Stacklands and the UX of Cards
Cards are everywhere in board games already, but new ideas still emerge from video games
Among our 274 board games collection, 236 have cards.
Whether they’re actions to perform, unpredictable events decks, characters, items, abstracts, or figurative: cards are everywhere. Why? Why is this rectangular cardboard piece the most used component in board games, far ahead of pawns & dice?
There are lots of games I could’ve used to explore this topic, many titles in our collections have found creative use of cards, in what they represent, how they are positioned in the game area & what players can do with them. But since it was too difficult to pick a single one, I will talk about a video game, Stacklands, one of the surprise indie hits of 2022.
Stacklands both relies on the physical perks of cards to create an intuitive experience and leverage its digital nature to bring fresh ideas that couldn’t have been done before in a physical game, a clever mashup.
The Perfection of Cards
One of the controversial higher-ups of Ubisoft used to say: “the user of a video game is called a player, so the “user experience” (UX) is just “player experience”, aka “game design”.

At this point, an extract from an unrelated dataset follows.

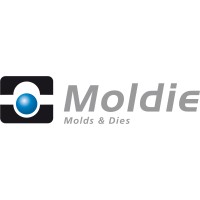 Moldie Industrial Limited Logo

It’s not entirely wrong, but sometimes, bringing the learnings of disciplines outside of gaming can prove valuable, especially when said discipline studies the interactions between humans & objects, or in our case, cards.
So, cards’ biggest perk is their capacity to uniformise by combining several varied pieces of information in a single rectangle.
The associated UX principle is the law of Prägnanz (german for conciseness) which states that humans prefer forms & stimuli that are simple & orderly. In case of complexity, our brains naturally simplify, which demands more cognitive effort.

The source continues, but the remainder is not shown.